Walking Simulator Critical Play: Baabdi

I played Baabdi, a short PC walking simulator by Sirius & Léonard Lemaitre. The game is completed by leaving Baabdi by train, for which you need to find a ticket and navigate to the train station. There are few rules and procedures to the game, other than that you may walk around and interact with objects. The only resources are the objects you can find, however the fact that you can only hold one, and that none are necessary for the main objective, means that resource acquisition doesn’t play an important part inn the game. There is a strange sense in the game that everyone is trying to help you escape, and because of this the only real conflict is between you and your lack of a train ticket, or perhaps agains the concrete architectures you navigate. The process of playing the game mainly consisted of, as expected, walking around. Every once in a while I would see an item of interest, such as a person or interactable object, but the world was pretty sparsely populated overall.

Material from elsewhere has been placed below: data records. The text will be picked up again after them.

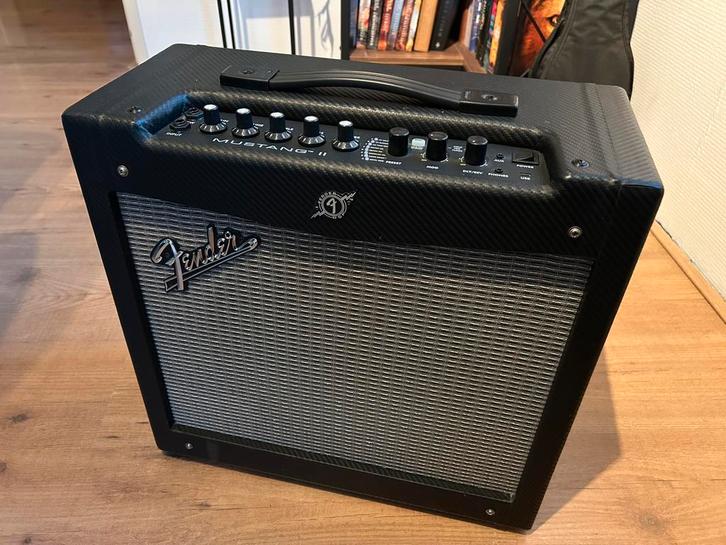 Fender Mustang II gitaarversterker, Muziek en Instrumenten, Versterkers | Bas en Gitaar, Gebruikt, Gitaar, Minder dan 50 watt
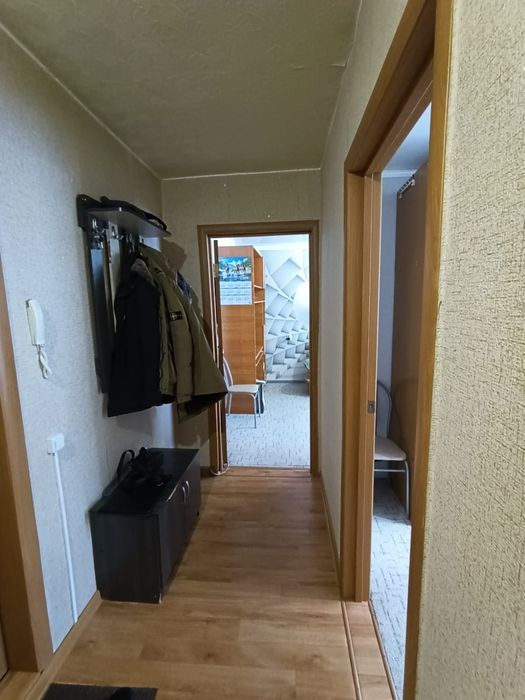 Срочно 2ком.кв. Район 8 школы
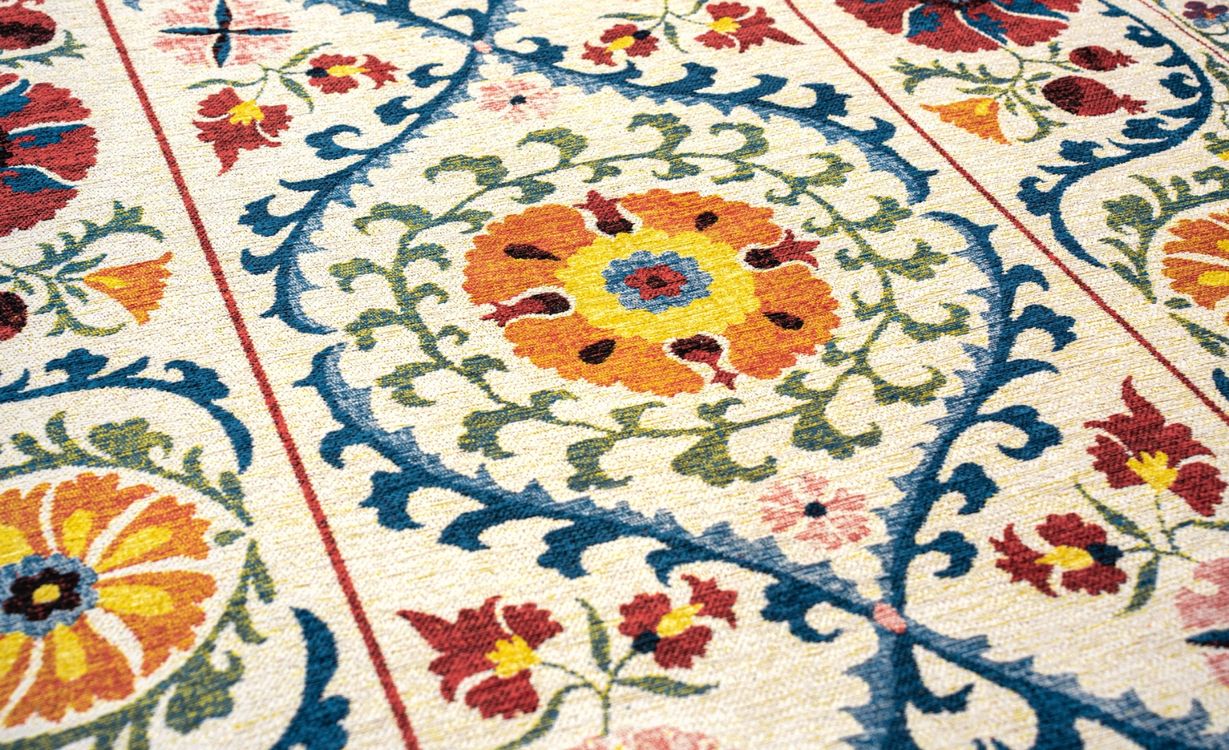 Tapis SUZANI , oriental classiqueOlive wood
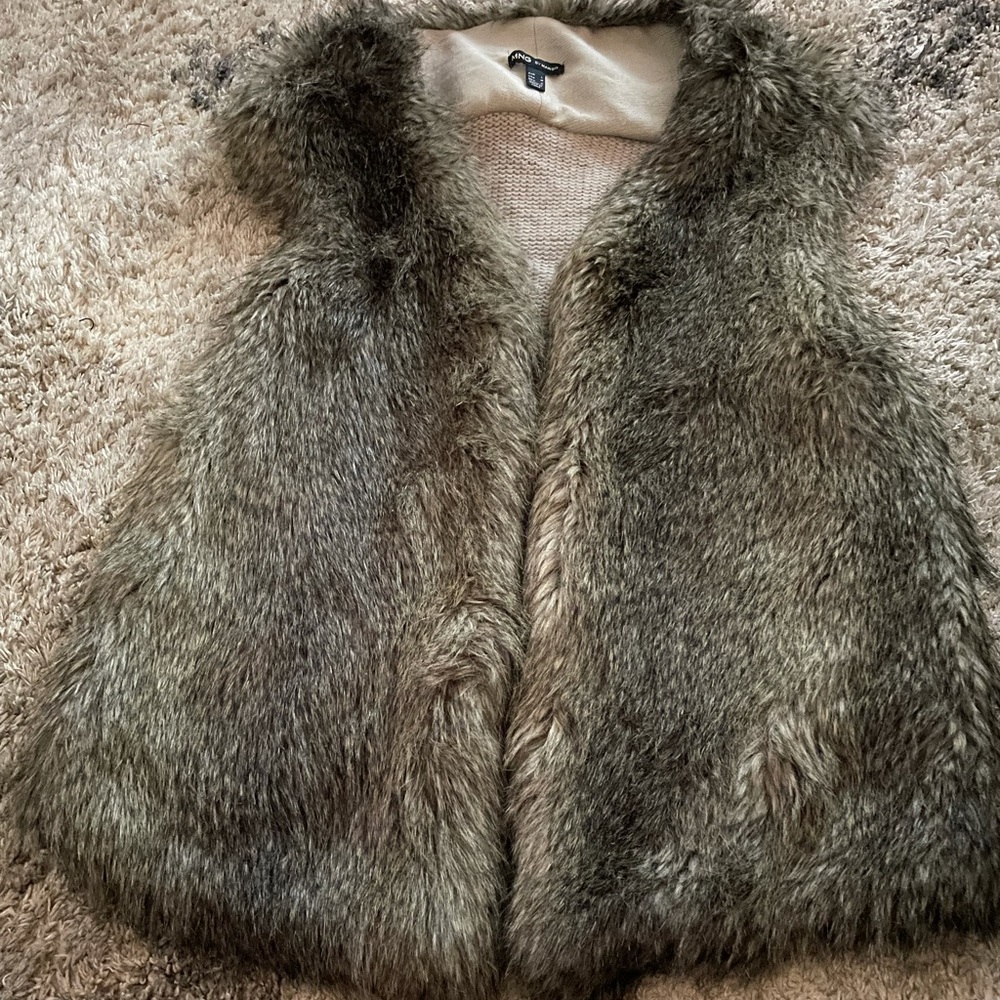 🔥🔥🔥MNG by MANGO FAUX FUR VEST🔥🔥🔥
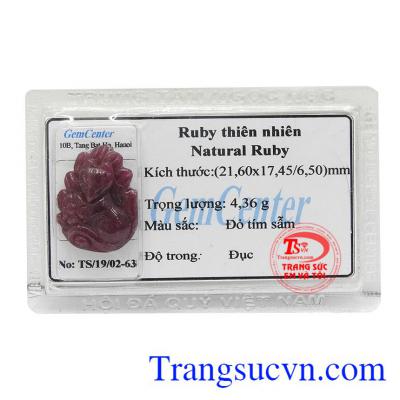 Hồ ly Ruby ép vỉ đẹp là sản phẩm được chế tác từ đá Ruby thiên nhiên chuẩn chất lượng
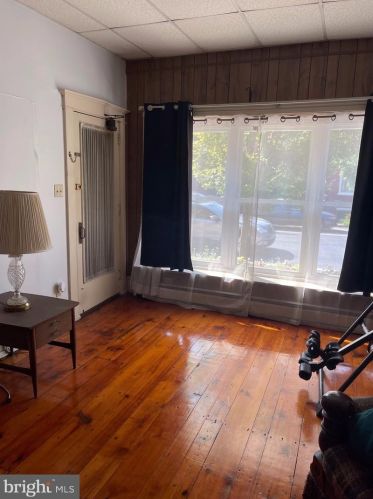 217 Walnut St, Lancaster PA  17602-2438 exterior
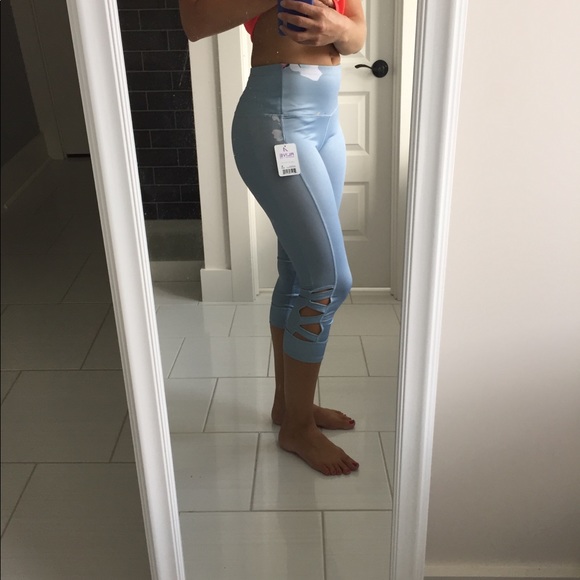 Alive Magnetics Capri leggings. Size small - Picture 1 of 4
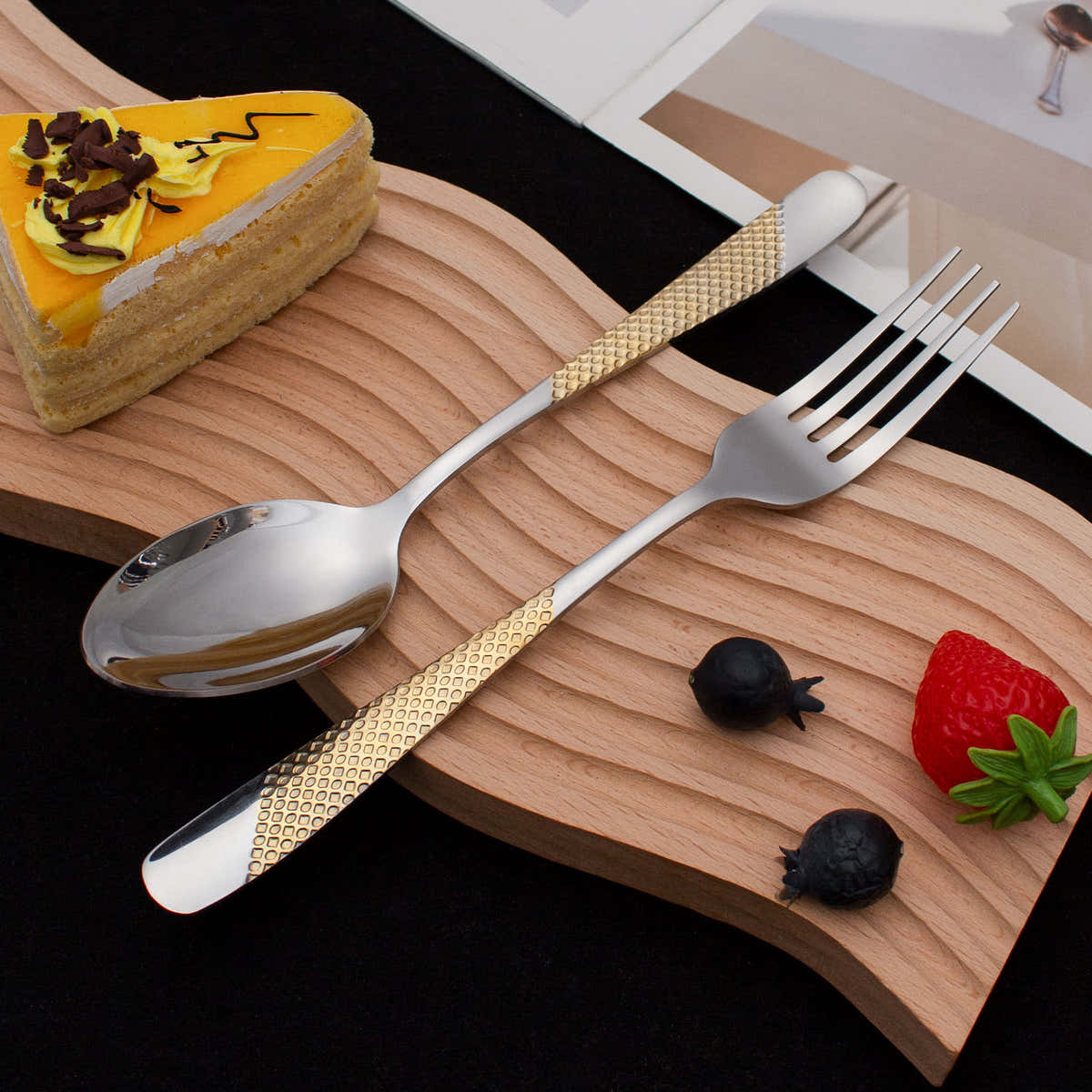 Hammered stainless / Gold Spoon & Fork Dinner Ware - GLARA HOME
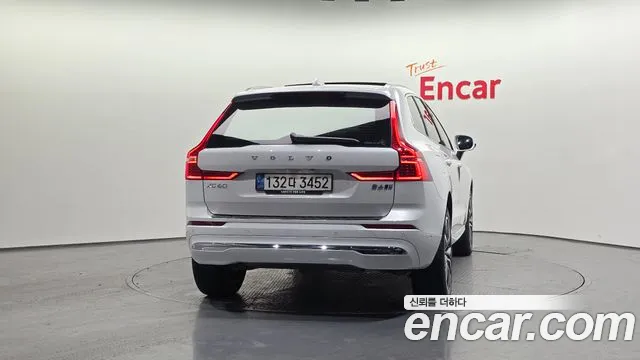 Вольво XC60 — Фото автомобиля 4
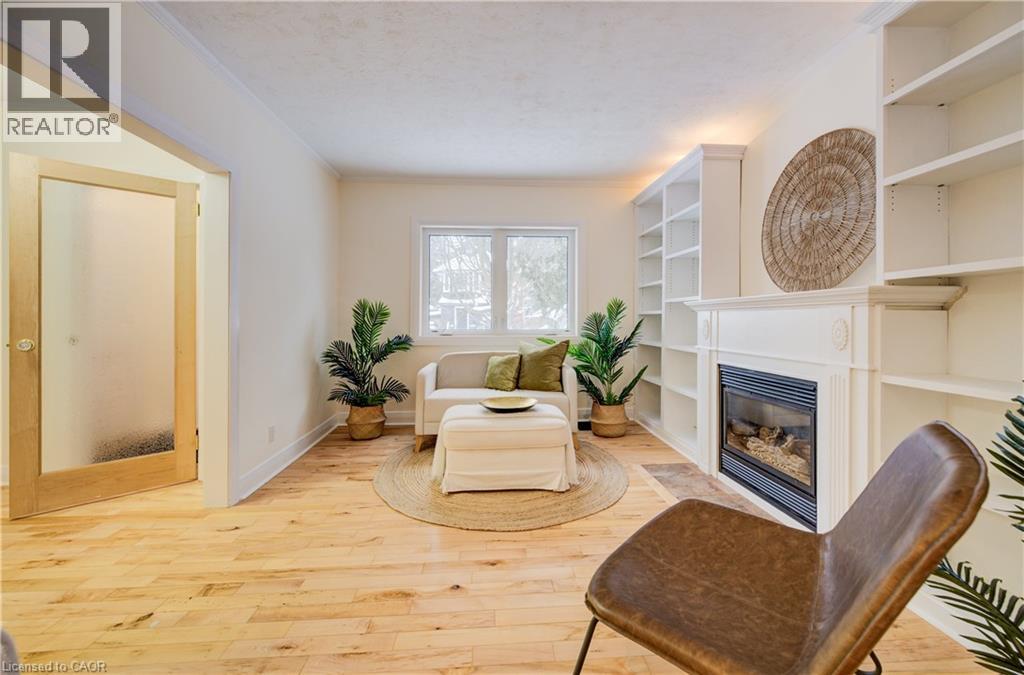 122 Belmont Avenue, Waterloo, Ontario  N2L 2A9 - Photo 8 - 40800277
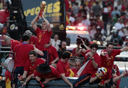 שחקני נבחרת ספרד חוגגים עם הגביע במדריד. צריך לשנות משהו, לא?, צילום: איי פי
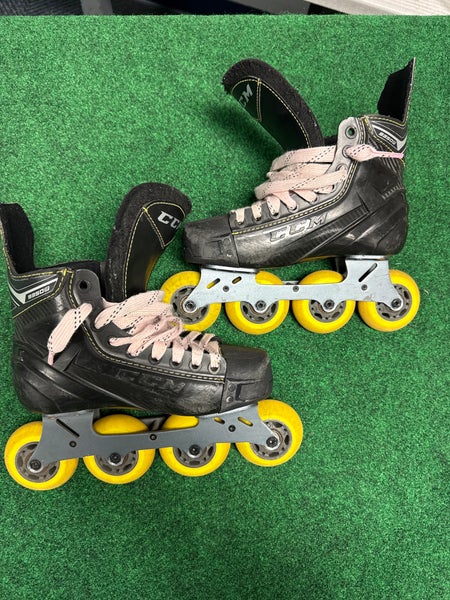 Junior CCM Super Tacks 9350 Inline Skates (Regular) | Size 4 (Used)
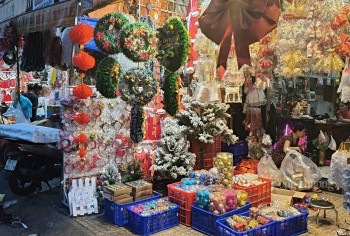 Lễ hội mua sắm thu hút 120 gian hàng với trên 1.000 dòng sản phẩm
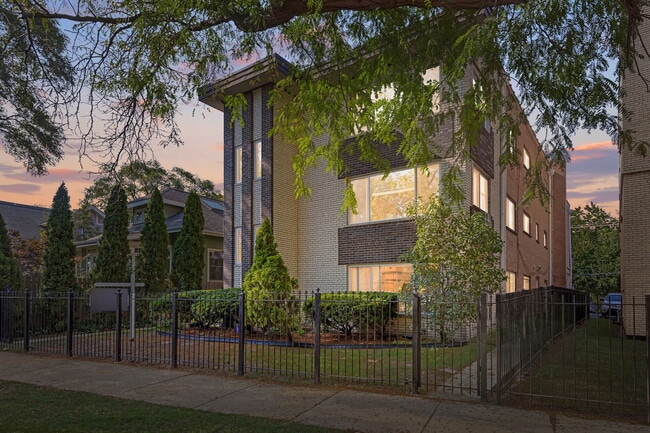 Photo - 7070 N Ridge Blvd Unit 1A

Aesthetics was definitely where the game really shined. Baabdi was a strange and beautiful game to look at, combining brutalist soviet architecture with a rustic bad-unity-game-core aesthetic. The plot fit into this as well, with the npc around you seeming to regard the train out of Baabdi with a strange, almost religious reverence. It seems that every disheveled figure in your concrete apartment building wants this, but they are all stuck, waiting. The collectible items also contributed to the aesthetic, as you filled your libraries with things like cigarettes and alcohol, items it seemed natural that those in Baabdi would find valuable, despite their value often being unclear. This thematic cohesion meant that I enjoyed Baabdi for the sense pleasure of experiencing the environment. Exploration and discovery was sometimes rewarding, but faded after I found that most explorable regions were simply more concrete, inhabited by more forlorn residents. There was also a little bit of fellowship, in how me and all the npcs were stuck in the same place and wanted the same thing (except for a few spanish-speaking dancers in the sewer, they were perfectly content). Everyone was  saving the one last ticket for the player, which felt good to experience. If I could change anything, I would’ve wanted more lore, but I think that desire also goes somewhat against the sparse, mystical nature of the plot, and searching for a goal that I didn’t really understand was part of what made the experience good.